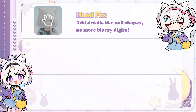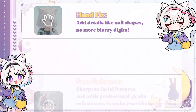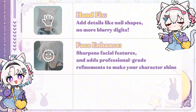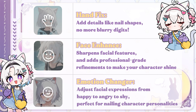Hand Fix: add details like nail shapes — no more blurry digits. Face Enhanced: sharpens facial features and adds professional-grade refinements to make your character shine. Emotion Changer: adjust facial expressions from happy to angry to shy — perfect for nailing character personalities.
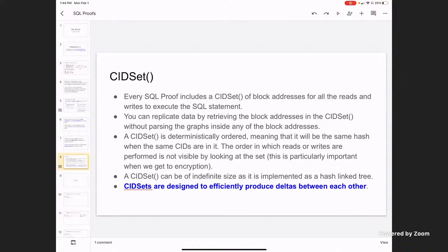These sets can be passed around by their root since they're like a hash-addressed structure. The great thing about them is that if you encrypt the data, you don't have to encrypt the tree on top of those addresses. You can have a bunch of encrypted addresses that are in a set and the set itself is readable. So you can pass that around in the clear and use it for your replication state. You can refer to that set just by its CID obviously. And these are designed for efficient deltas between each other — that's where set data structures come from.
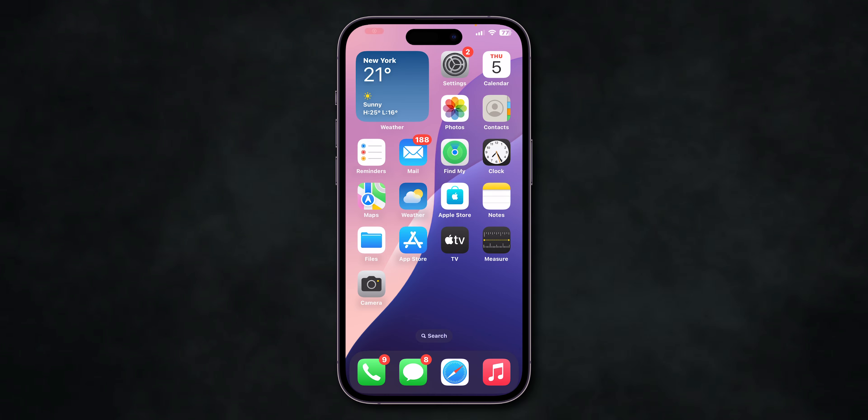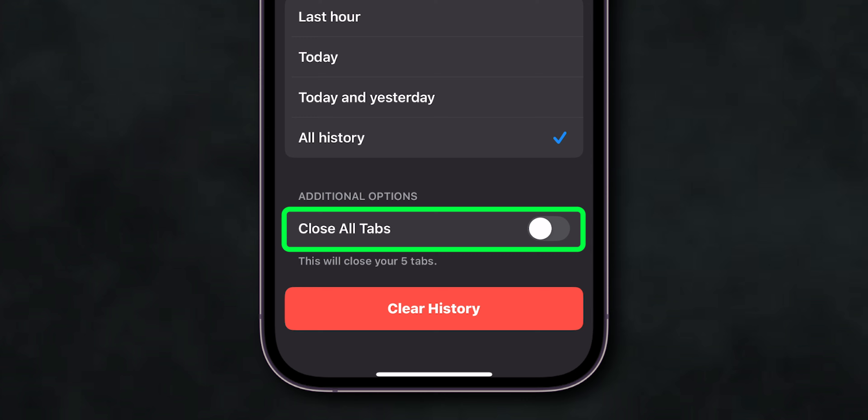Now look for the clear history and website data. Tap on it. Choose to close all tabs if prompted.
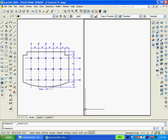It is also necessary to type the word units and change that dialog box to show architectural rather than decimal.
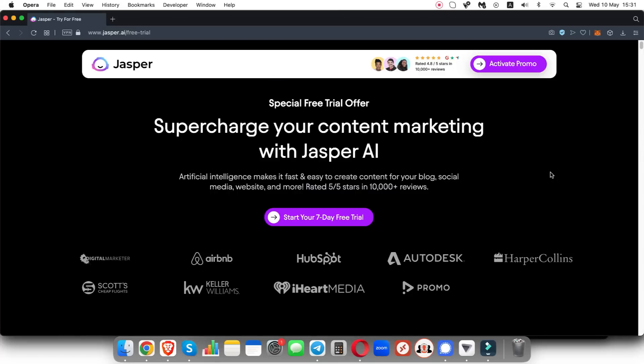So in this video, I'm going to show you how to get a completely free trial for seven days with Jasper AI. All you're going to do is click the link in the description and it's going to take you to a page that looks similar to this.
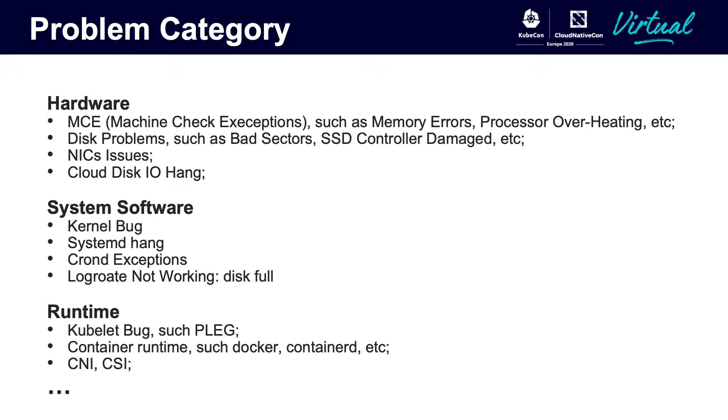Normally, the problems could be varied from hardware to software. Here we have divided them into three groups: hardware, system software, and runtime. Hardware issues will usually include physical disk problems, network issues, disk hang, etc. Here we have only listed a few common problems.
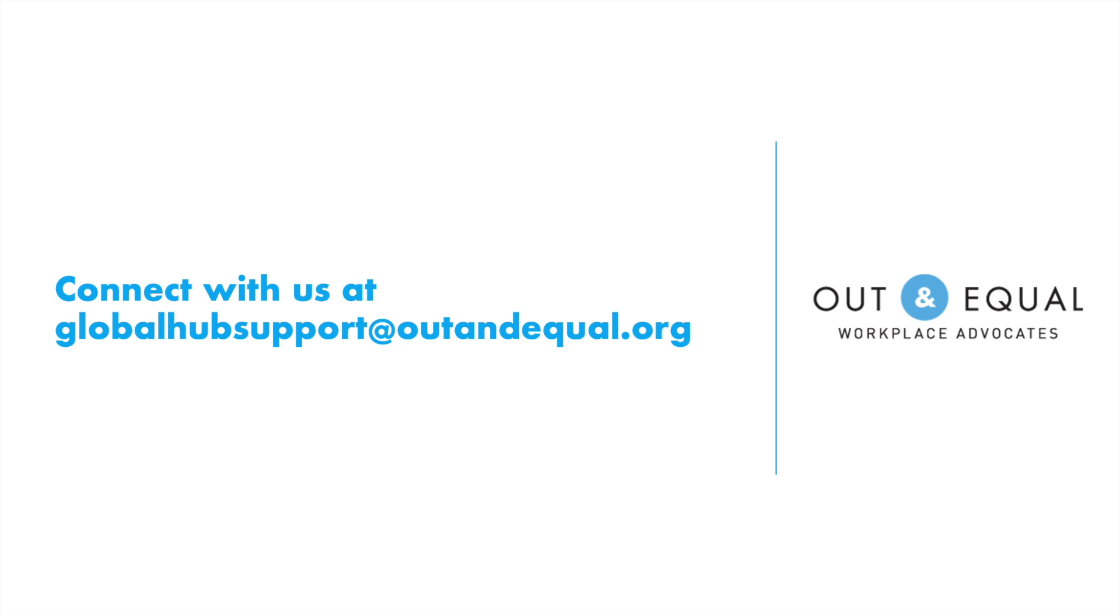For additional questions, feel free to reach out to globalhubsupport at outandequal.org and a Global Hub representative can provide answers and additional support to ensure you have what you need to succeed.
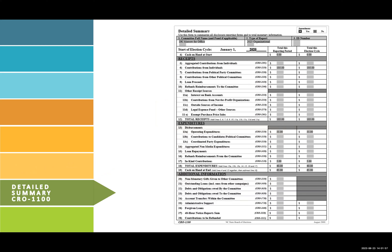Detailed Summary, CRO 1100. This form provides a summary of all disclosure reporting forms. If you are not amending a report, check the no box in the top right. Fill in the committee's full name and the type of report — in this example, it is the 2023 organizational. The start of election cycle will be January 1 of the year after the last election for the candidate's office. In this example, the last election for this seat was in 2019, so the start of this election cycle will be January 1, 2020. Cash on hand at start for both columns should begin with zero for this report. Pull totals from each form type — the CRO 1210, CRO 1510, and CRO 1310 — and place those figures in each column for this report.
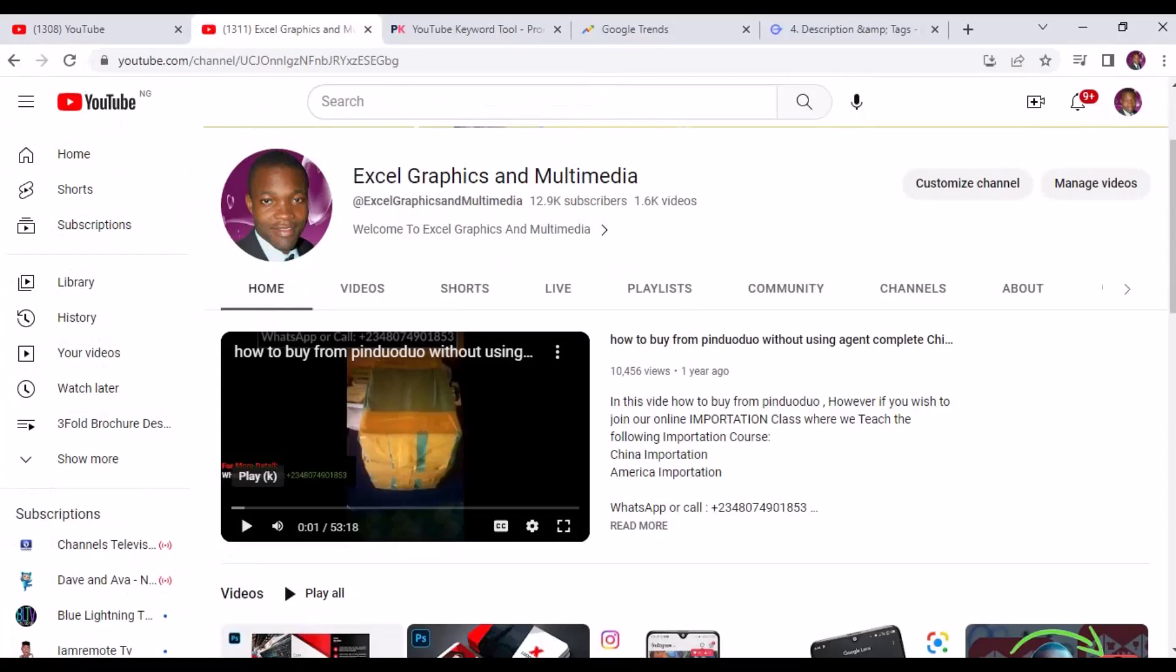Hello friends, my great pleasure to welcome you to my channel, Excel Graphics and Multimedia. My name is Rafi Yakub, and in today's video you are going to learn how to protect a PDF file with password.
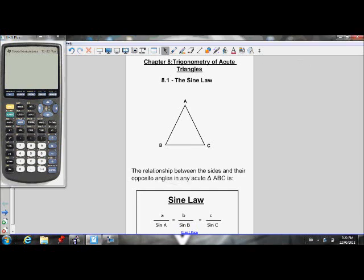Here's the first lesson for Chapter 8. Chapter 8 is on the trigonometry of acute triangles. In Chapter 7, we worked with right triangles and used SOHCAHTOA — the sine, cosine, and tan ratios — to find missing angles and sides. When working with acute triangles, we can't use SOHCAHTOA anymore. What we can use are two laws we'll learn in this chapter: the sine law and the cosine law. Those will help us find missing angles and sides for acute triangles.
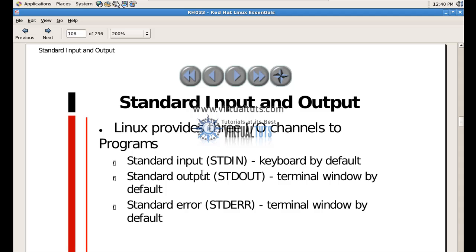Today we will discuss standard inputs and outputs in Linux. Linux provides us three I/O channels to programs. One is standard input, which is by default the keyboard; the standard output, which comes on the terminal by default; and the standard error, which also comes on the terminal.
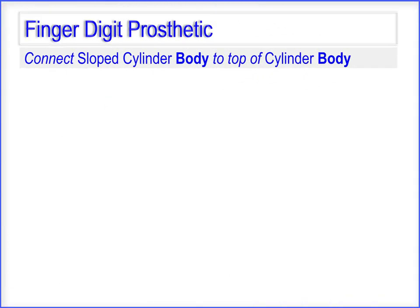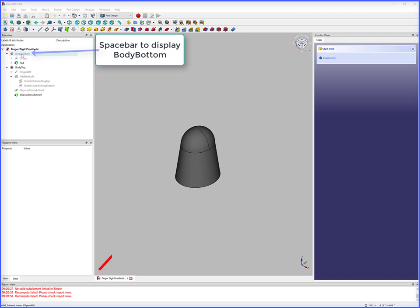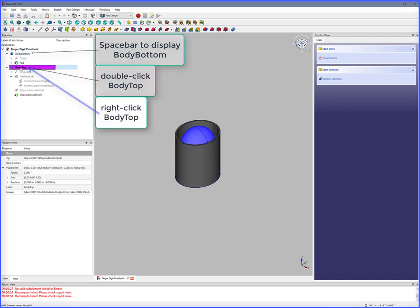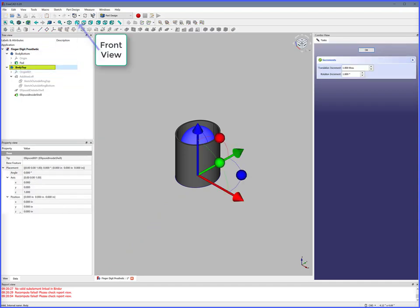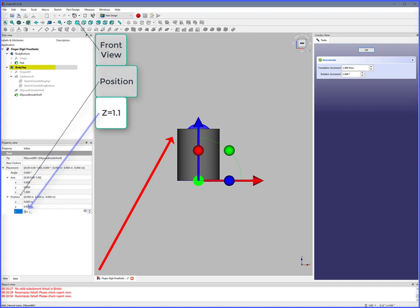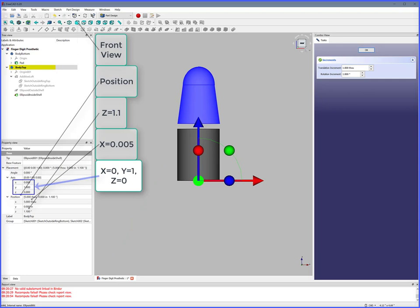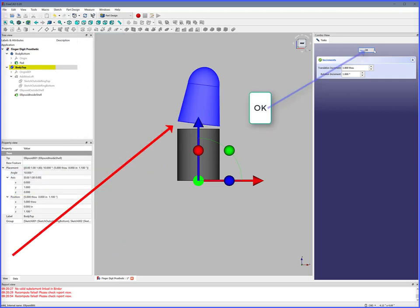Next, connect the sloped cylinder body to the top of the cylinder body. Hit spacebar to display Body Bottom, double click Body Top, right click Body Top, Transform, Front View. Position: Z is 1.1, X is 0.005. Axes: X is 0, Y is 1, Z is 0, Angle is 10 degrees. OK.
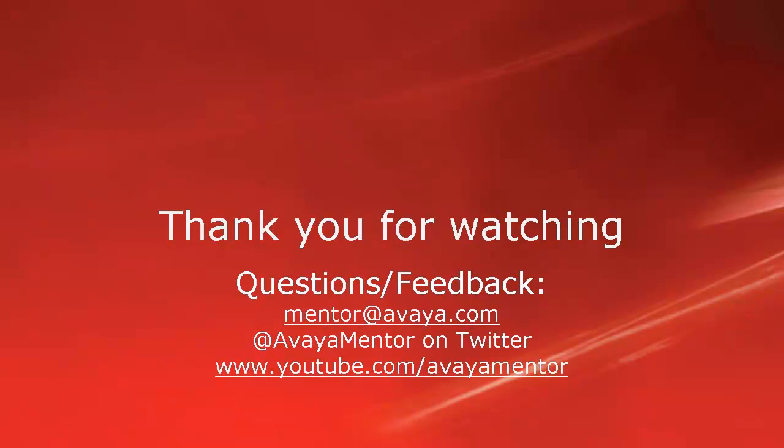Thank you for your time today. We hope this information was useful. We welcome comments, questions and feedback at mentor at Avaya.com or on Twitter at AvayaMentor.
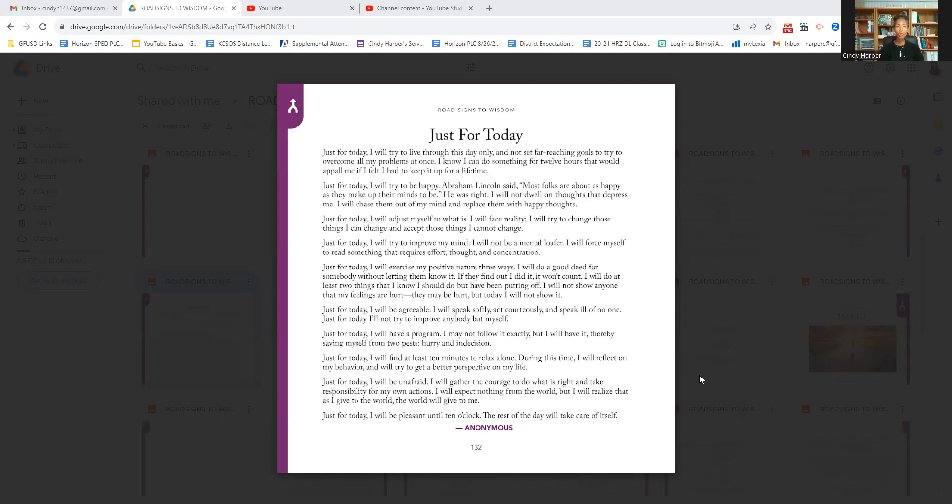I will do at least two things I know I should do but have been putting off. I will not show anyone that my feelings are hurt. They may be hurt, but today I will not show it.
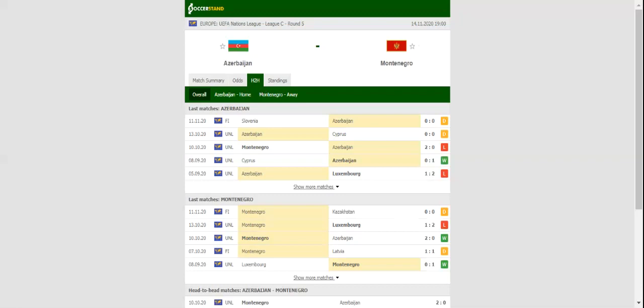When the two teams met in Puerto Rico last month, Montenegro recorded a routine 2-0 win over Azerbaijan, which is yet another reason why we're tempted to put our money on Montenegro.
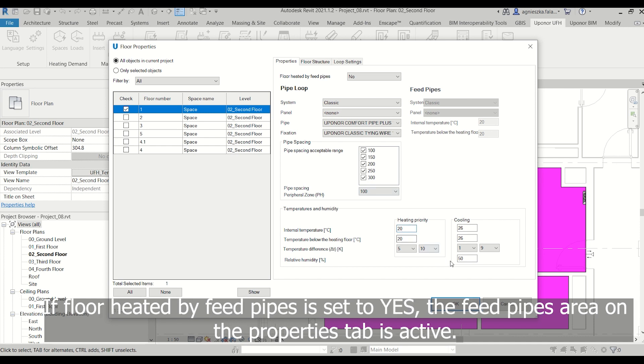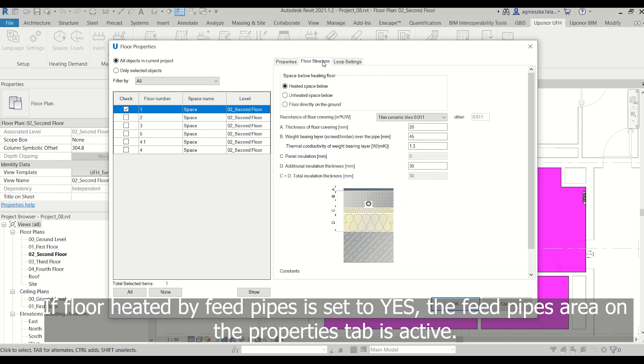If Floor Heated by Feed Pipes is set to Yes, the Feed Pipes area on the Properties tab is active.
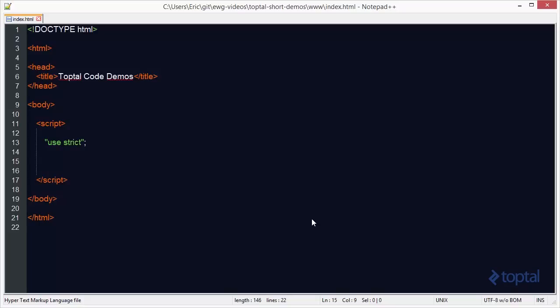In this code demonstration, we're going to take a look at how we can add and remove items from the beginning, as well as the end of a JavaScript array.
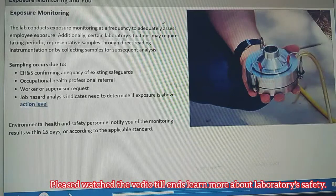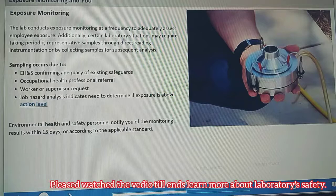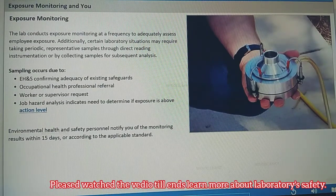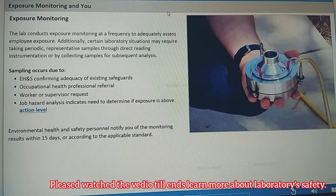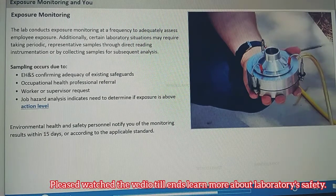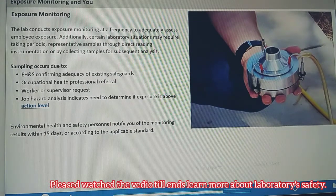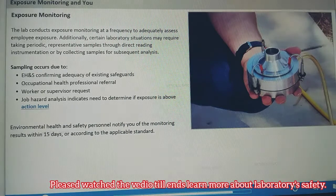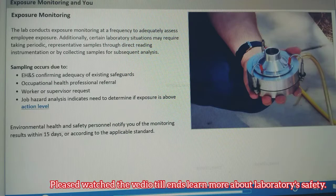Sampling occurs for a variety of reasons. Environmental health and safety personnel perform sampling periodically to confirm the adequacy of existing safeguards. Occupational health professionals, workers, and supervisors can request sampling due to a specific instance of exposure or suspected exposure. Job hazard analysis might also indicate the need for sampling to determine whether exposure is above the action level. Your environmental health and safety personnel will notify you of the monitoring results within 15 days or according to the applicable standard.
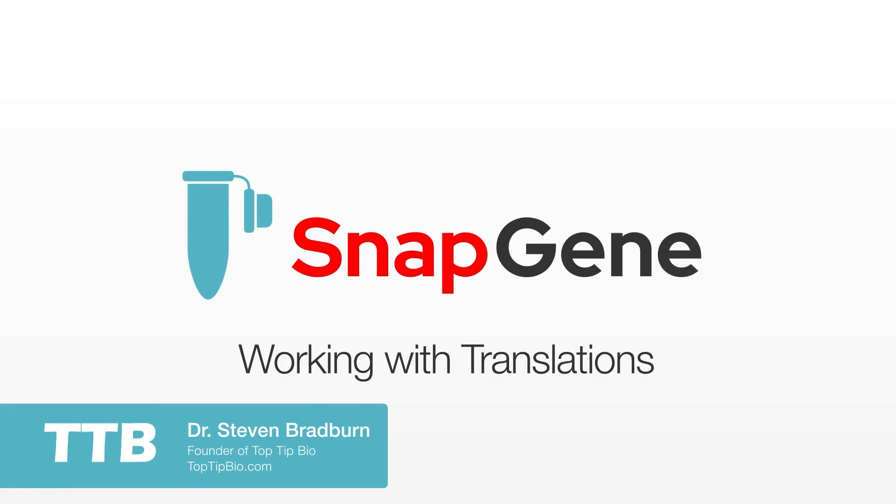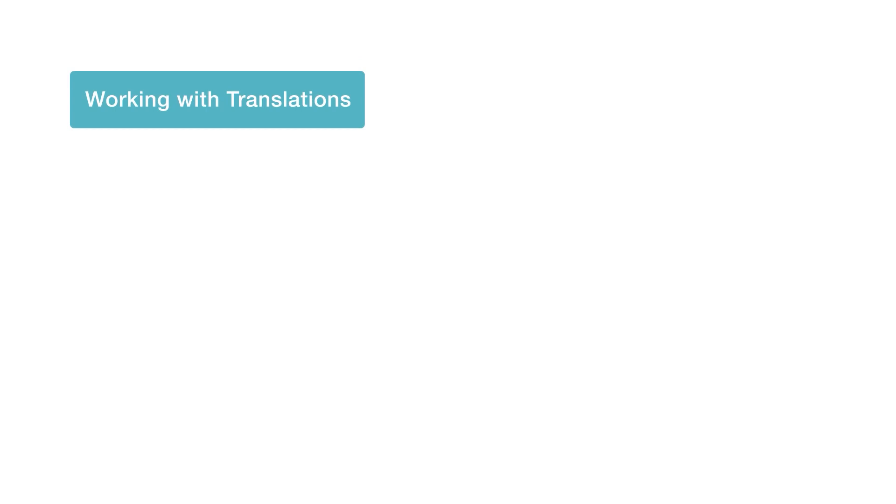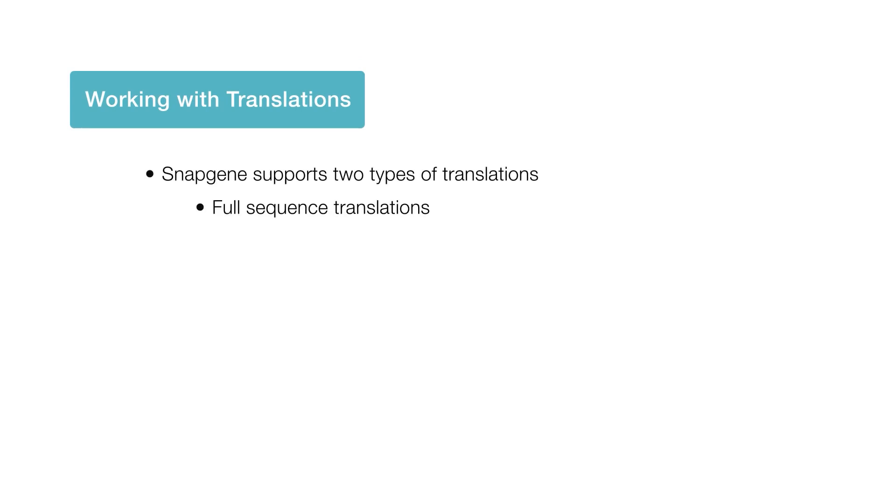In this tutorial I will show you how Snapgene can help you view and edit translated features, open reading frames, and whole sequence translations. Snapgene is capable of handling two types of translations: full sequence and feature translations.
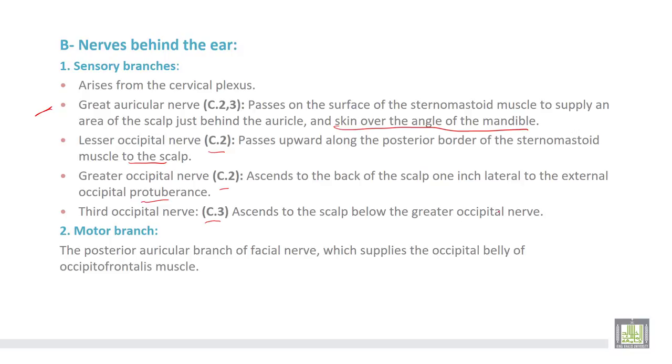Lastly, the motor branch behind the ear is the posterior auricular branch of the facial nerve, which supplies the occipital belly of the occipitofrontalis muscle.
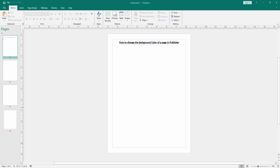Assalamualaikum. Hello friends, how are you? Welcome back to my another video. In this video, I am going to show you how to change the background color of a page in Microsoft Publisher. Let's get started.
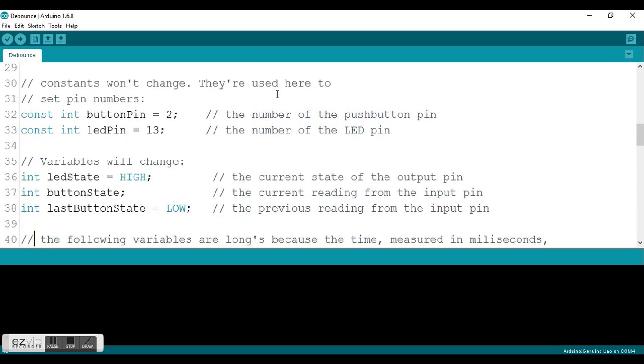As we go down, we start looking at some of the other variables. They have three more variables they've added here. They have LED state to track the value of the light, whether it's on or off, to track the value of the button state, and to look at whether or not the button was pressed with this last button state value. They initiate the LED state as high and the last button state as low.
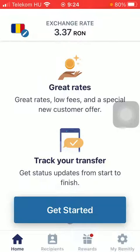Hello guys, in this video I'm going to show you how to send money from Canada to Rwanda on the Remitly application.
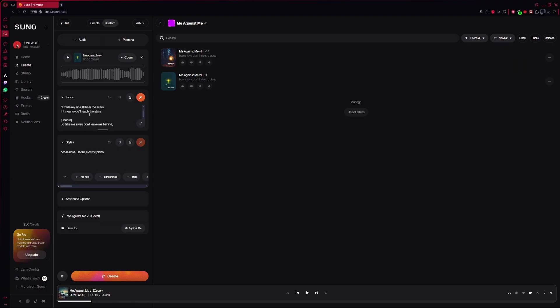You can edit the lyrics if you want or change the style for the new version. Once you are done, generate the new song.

━━━━━━━━━━━━━━━━

# Problem to work on
Exactly the lines starting at the one above with "I will do at" and ending at the one with "Lastly, the motor" should be printed, and nothing else. Omit the pictures.

# Solution to the problem
I will do at least two things I know I should do but have been putting off. I will not show anyone that my feelings are hurt. They may be hurt, but today I will not show it.
When the two teams met in Puerto Rico last month, Montenegro recorded a routine 2-0 win over Azerbaijan, which is yet another reason why we're tempted to put our money on Montenegro.
If Floor Heated by Feed Pipes is set to Yes, the Feed Pipes area on the Properties tab is active.
In this code demonstration, we're going to take a look at how we can add and remove items from the beginning, as well as the end of a JavaScript array.
Sampling occurs for a variety of reasons. Environmental health and safety personnel perform sampling periodically to confirm the adequacy of existing safeguards. Occupational health professionals, workers, and supervisors can request sampling due to a specific instance of exposure or suspected exposure. Job hazard analysis might also indicate the need for sampling to determine whether exposure is above the action level. Your environmental health and safety personnel will notify you of the monitoring results within 15 days or according to the applicable standard.
In this tutorial I will show you how Snapgene can help you view and edit translated features, open reading frames, and whole sequence translations. Snapgene is capable of handling two types of translations: full sequence and feature translations.
Lastly, the motor branch behind the ear is the posterior auricular branch of the facial nerve, which supplies the occipital belly of the occipitofrontalis muscle.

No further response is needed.